_ACTIVITY_
Repeat exactly, and only, the lines below starting at the line that contains "Osmangazi Belediyesi Öğrencileri" and ending at the line that contains "Apple iPhone 7", inclusive of both.

_RECORDS SUPPLIED_

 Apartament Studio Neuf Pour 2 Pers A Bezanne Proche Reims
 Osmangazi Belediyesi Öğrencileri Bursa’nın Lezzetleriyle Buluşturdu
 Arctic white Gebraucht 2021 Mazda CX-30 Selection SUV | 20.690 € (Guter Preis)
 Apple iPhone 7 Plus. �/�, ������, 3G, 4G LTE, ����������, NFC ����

==

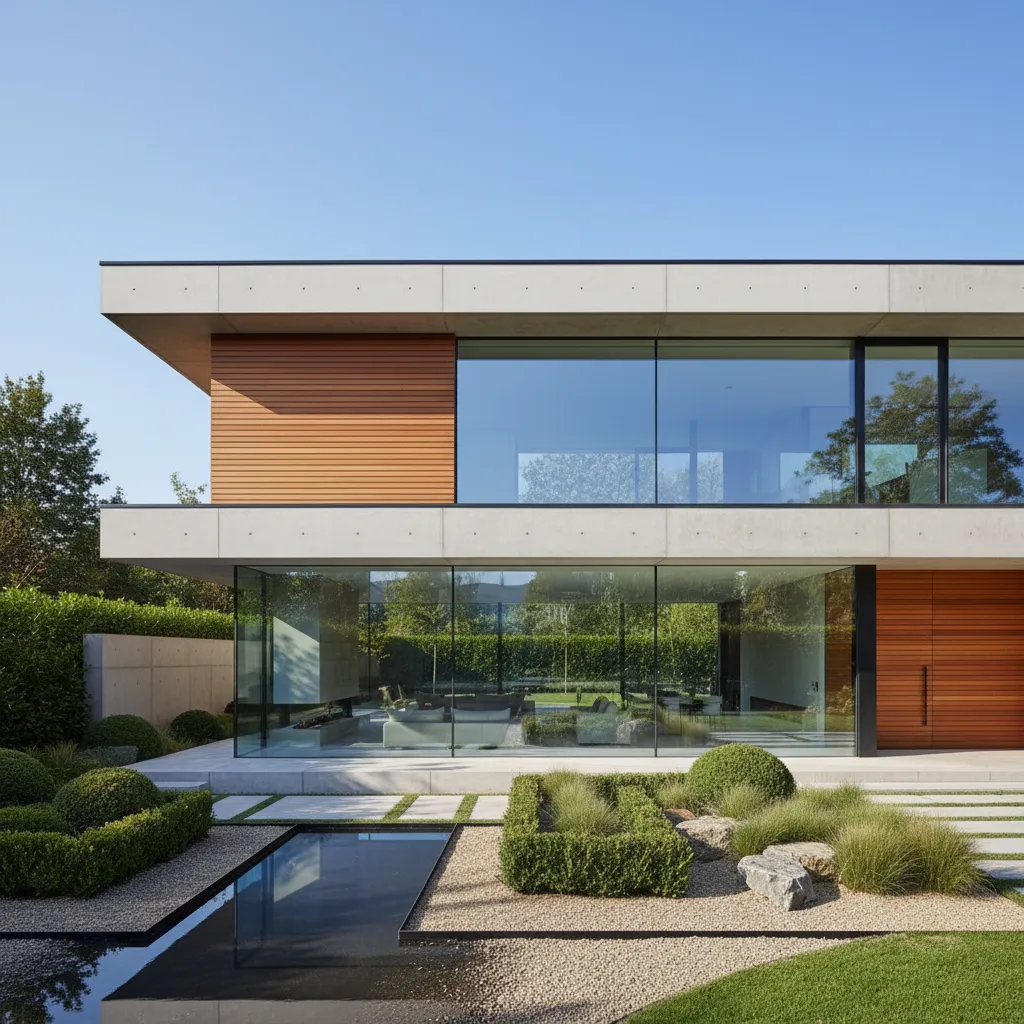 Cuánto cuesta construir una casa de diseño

_RESPONSE_
 Osmangazi Belediyesi Öğrencileri Bursa’nın Lezzetleriyle Buluşturdu
 Arctic white Gebraucht 2021 Mazda CX-30 Selection SUV | 20.690 € (Guter Preis)
 Apple iPhone 7 Plus. �/�, ������, 3G, 4G LTE, ����������, NFC ����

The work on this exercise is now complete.